Recipe 6.11 Testing for a Valid Pattern

6.11.1 Problem

You want to let users enter their own patterns, but an invalid one would abort your program the first time you tried to use it.

6.11.2 Solution

Test the pattern in an eval { } construct first, matching against some dummy string. If $@ is not set, no exception occurred, so you know the pattern successfully compiled as a valid regular expression. Here is a loop that continues prompting until the user supplies a valid pattern:

do {
    print "Pattern? ";
    chomp($pat = <>);
    eval { "" =~ /$pat/ };
    warn "INVALID PATTERN $@" if $@;
} while $@;

Here's a standalone subroutine that verifies whether a pattern is valid:

sub is_valid_pattern {
    my $pat = shift;
    eval { "" =~ /$pat/ };
    return $@ ? 0 : 1;

Another way to write that is like this:

sub is_valid_pattern {
    my $pat = shift;
    return eval { "" =~ /$pat/; 1 } || 0;

This version doesn't need to use $@, because if the pattern match executes without exception, the next statement with just a 1 is reached and returned.
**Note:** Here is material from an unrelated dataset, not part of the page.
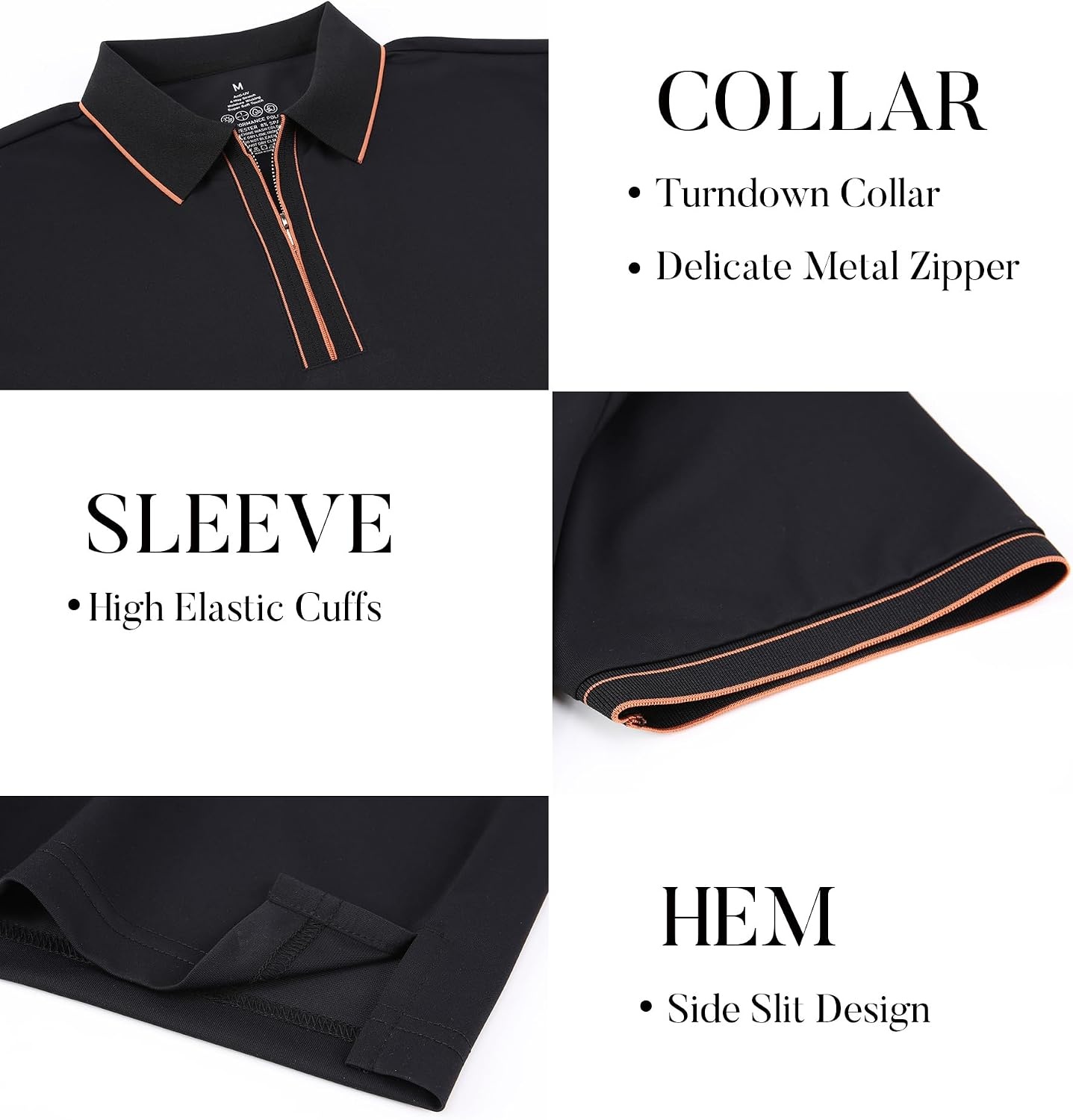 image:imageSAMERM Mens Golf Shirts Dry Fit Performance Sport Polo Shirts for MenBlack Polo Shirt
Otherwise it's skipped, so just a 0 is returned.

6.11.3 Discussion

There's no limit to the number of invalid, uncompilable patterns. The user could mistakenly enter "<I\s*[^">, "*** GET RICH ***", or "+5-i". If you blindly use the proffered pattern in your program, it raises an exception, normally a fatal event.

The tiny program in Example 6-6 demonstrates this.

Example 6-6. paragrep
  # paragrep - trivial paragraph grepper
  die "usage: $0 pat [files]\n" unless @ARGV;
  $/ = '';
  $pat = shift;
  eval { "" =~ /$pat/; 1 }      or die "$0: Bad pattern $pat: $@\n";
  while (<>) {
      print "$ARGV $.: $_" if /$pat/o;

That /o means to interpolate variables once only, even if their contents later change.

You could encapsulate this in a function call that returns 1 if the block completes and 0 if not, as shown in the Solution. The simpler eval "/$pat/" would also work to trap the exception, but has two other problems. One is that any slashes (or whatever your chosen pattern delimiter is) in the string the user entered would raise an exception. More importantly, it would open a drastic security hole that you almost certainly want to avoid. Strings like this could ruin your day:

$pat = "You lose @{[ system('rm -rf *')]} big here";

If you don't want to let the user provide a real pattern, you can always metaquote the string first:

$safe_pat = quotemeta($pat);
something( ) if /$safe_pat/;

Or, even easier, use:

something( ) if /\Q$pat/;

But if you're going to do that, why are you using pattern matching at all? In that case, a simple use of index would be enough. But sometimes you want a literal part and a regex part, such as:

something( ) if /^\s*\Q$pat\E\s*$/;

Letting the user supply a real pattern gives them power enough for many interesting and useful operations. This is a good thing. You just have to be slightly careful. Suppose they wanted to enter a case-insensitive pattern, but you didn't provide the program with an option like grep's -i option. By permitting full patterns, the user can enter an embedded /i modifier as (?i), as in /(?i)stuff/.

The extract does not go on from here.